Problem
Pull out each line of the data that includes the word "Photo".

Stored data entries
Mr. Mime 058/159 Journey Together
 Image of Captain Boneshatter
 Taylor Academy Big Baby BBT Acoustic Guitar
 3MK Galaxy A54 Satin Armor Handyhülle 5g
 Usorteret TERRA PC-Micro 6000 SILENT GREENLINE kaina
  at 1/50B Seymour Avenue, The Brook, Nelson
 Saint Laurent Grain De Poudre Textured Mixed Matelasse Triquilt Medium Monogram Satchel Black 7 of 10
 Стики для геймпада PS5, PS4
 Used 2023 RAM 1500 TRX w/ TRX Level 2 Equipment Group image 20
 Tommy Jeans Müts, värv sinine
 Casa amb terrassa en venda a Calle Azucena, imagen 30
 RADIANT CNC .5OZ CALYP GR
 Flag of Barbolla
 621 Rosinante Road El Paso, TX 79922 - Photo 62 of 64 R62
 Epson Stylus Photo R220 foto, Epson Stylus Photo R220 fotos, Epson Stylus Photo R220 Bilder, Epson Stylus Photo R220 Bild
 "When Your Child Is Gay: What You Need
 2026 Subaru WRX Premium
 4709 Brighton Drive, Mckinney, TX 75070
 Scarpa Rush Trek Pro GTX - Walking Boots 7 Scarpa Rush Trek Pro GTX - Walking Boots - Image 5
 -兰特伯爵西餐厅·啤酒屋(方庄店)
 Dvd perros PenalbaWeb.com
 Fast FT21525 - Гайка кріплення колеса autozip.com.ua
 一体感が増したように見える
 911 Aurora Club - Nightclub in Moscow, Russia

Expected output
 621 Rosinante Road El Paso, TX 79922 - Photo 62 of 64 R62
 Epson Stylus Photo R220 foto, Epson Stylus Photo R220 fotos, Epson Stylus Photo R220 Bilder, Epson Stylus Photo R220 Bild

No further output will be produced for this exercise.